Probably due in no small part to Serge's anarchist background, it is surprising the prominence which the anarchists play in his story. On p.104, he writes that Lenin "was very anxious to have the support of 'the best of the anarchists.'" and goes on to explain quite credibly that there probably were not any real Communists in the world outside Russia and Bulgaria at that time (it seems like China is a notable absence here, but even then we may quibble over definitions) but instead the vast majority of revolutionaries were some stripe of social democrat or anarchist or syndicalist.

On the failure of Tukhachevsky to take Warsaw, which Taylor saw as the turning-point for all of Europe: here we find Stalin, who instead of providing support marched on Lvov to gain a personal victory. The disaster for the cause of world revolution cannot be overstated.

As early as the winter of 1920-21, there was a "Workers' Opposition," protesting the increasing bureaucracy, the forceful compulsion of economic activity, the suppression of dissent. By then the Soviets had become auxiliary organs of the Party, and the intolerable nature of the economic system required an abolition of the freedom of speech.

According to Serge, Trotsky wrote in 1938 that Lenin considered recognizing an autonomous region in the Ukraine under the control of Nestor Makhno's anarchists. "That arrangement would have been both just and diplomatic, and w perhaps an outlook as generous as this would have spared the Revolution from the tragedy towards which we were drifting." p. 122, on the great use and aid given and won by the anarchists in the Ukraine and the Crimea, only to be arrested and shot by the Cheka.

Lenin in 1917 wrote of a press organization whereby any group with 10k votes could publish its own journal free, of peaceful transitions of power within the Soviets from party to party, and of police made through the people, run by directly elected councils, protected by a people's militia.

At Krondstadt, the Reds lied to the people, refused to negotiate, and killed everyone, despite enacting the NEP which proved the Krondstadt demands had been correct anyway. The NEP meant economic liberalism without a shred of political or social liberalism; the justification was the failure of the German revolution.

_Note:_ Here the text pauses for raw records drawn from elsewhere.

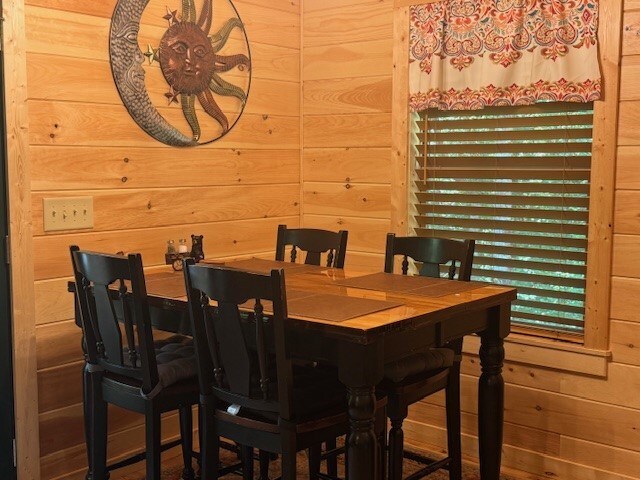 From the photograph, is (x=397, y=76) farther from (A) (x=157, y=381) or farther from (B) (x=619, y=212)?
(A) (x=157, y=381)

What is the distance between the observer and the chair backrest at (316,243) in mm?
3504

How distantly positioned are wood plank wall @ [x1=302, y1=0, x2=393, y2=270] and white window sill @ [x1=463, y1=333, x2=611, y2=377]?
0.81 metres

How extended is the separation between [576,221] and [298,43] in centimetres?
170

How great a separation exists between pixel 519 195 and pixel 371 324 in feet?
4.98

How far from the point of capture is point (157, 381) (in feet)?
8.89

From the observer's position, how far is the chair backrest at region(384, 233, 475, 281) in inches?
126

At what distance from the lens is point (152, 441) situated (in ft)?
8.90

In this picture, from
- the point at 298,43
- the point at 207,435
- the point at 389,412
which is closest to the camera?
the point at 207,435

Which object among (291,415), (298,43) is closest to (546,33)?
(298,43)

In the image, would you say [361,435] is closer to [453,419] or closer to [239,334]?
[239,334]

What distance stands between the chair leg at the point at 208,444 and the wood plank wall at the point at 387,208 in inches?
60.6

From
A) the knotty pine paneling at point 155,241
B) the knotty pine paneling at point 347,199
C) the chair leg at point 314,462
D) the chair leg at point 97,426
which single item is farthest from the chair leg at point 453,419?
the knotty pine paneling at point 155,241

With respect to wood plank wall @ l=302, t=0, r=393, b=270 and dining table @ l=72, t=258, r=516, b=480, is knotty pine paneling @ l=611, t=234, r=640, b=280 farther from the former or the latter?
wood plank wall @ l=302, t=0, r=393, b=270

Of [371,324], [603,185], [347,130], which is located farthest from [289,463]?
[347,130] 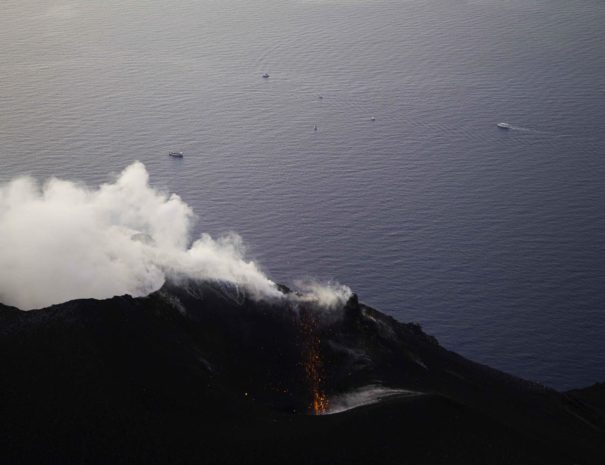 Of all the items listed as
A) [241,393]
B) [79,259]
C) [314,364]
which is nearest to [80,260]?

p.153, "I was and still am convinced that the new regime would have felt a hundred times more secure if it had henceforth proclaimed its reverence, as a Socialist government, for human life and the rights of all individuals without exception."

p. 374, "[Intolerance and persecution] originated in an absolute sense of possession of truth, grafted upon doctrinal rigidity. What followed was contempt for the man who was different, of his arguments and way of life."

and "the only meaning of life lies in conscious participation in the making of history...it follows that one must range oneself actively against everything that diminishes man, and involve oneself in all struggles which tend to liberate and enlarge him. This categorical imperative is in no way lessened by the fact that such an involvement is inevitably soiled by error: it is a worse error merely to live for oneself, caught within traditions which are soiled by inhumanity."

p. 377 The Central Committee in 1918 could have set up public revolutionary trials with no death penalty, habeas corpus, right of defense, etc to deal with counter-revolutionaries. But it didn't, it set up the Cheka, with secret trials, no right of defense, and no input of public opinion.